Publisher's Synopsis
Cherry Picker author Mark Shechner, the quintessential Jewish intellectual, university English and writing professor, and literature scholar, never feels more ordinary and all-American than when he's anonymized in the hordes crowding Las Vegas and casinos throughout the world, human hives that, for tens of millions of bees, are as fragrant as giant pots of nectar.
Moreover, as a decades-long machine player, he's experienced a lifetime of the derision projected on those who feed the slot beast and endow it with its enormous wealth.
Yet, Shechner argues eloquently, the hotels were built on the rake-off from gambling-from the high rollers at the blackjack and crap tables, the poker players betting the house on the river, and the baccarat players doing some hellacious hoodoo with stacks of chips at the ready, but mostly from the masses bathing themselves in the Ganges of slots, making up for their lack of sophistication by the sheer volume of their play.

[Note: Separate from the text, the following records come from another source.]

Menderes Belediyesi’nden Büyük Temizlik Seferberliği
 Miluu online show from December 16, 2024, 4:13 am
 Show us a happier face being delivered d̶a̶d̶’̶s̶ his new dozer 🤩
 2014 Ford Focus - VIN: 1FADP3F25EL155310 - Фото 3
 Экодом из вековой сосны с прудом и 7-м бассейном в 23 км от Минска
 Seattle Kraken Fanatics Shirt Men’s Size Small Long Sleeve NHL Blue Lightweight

Cherry Picker is an ode, an anthem, a psalm for Shechner's fellow krill along the whale trail, fellow suckers and pishers, chumps and chimps, senior citizens and Chinese tour groups, chasers of the blazing seven, the double diamond, the wild cherries, slot heads all, whose pennies and nickels and quarters built the casino megalith and who have, pundits and sociologists and do-gooders notwithstanding, have no desire to give up that small dimension of recklessness that adds a little spice to their lives.